The agent loop cost formula
**The canonical formula for a single agent loop with N turns is:** `total_cost = Σ_t [ (cached_input_t / 1M) × cache_rate + (new_input_t / 1M) × input_rate + (output_t / 1M) × output_rate + (tool_result_t / 1M) × input_rate ]`. Every turn t has four priced components: cached tokens from the stable prefix, new context tokens added since the previous turn, model output tokens (the assistant's reply), and tool result tokens fed back in the following user message.
**Why tool result tokens matter.** In a ReAct-style agent, each tool call returns a result that becomes part of the next turn's input. A `search()` call returning 800 tokens of context is billed as input on the turn that receives it — just like prompt tokens. In a 5-turn loop with 3 tool calls returning ~600 tokens each, tool results add 1,800 tokens of billable input across the loop. At $15/1M (Opus) that is $0.027 — small per query, but at 100K queries/month that is $2,700/month from tool results alone.
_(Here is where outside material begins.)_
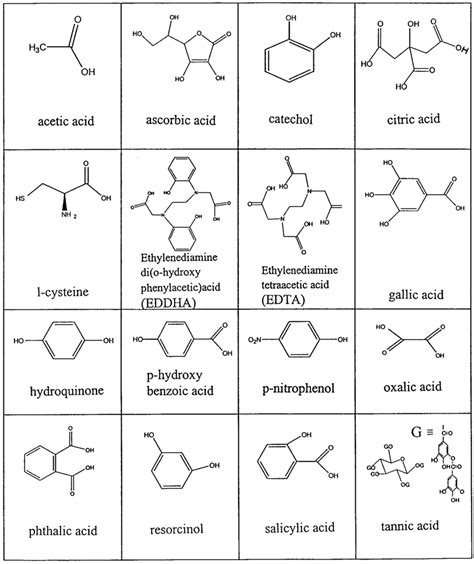 How To Identify Organic Compounds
**Context accumulation is the key driver of cost growth.** Turn 1 starts at your system prompt + the user query. Turn 2 replays turns 1-1's full output, the tool call, the tool result, plus whatever the model added. By turn 5, a loop that started at 3,000 tokens might have 12,000-15,000 tokens of accumulated context. **The cost is not linear in number of turns — it's roughly quadratic for standard token replay.** Each additional turn adds both its own tokens and the accumulated tokens of all prior turns.
**Windowed context (summarization) changes the shape.** If your agent framework summarizes prior turns instead of replaying them verbatim, the context growth flattens. A 200-token summary replacing a 2,000-token prior turn saves 1,800 input tokens on every subsequent turn. In a 5-turn loop at $15/1M input (Opus), that saves $0.027 per summarization event — across 100K queries, $2,700/month. Many production agent frameworks (LangGraph, CrewAI) support configurable summarization; enable it when token cost is a constraint.
**Output tokens are the minority of per-turn cost in most agents.** A ReAct agent typically emits 100-400 output tokens per turn (the reasoning step + the tool call specification). The input bill — from context replay plus tool results — usually accounts for 70-85% of total loop cost. This means input optimization (caching, summarization, context pruning) is higher-EV than output optimization for agent workloads. Source: Anthropic agents and tools overview.
**The formula is per-query, not per-turn.** When you see cost benchmarks for agent workloads, always clarify whether they cite per-turn cost or per-query cost. A 5-turn loop at $0.02/turn (Sonnet 4.6) is $0.10/query — a 5x difference from a naive single-turn reading. The per-query figure is what maps to your production budget.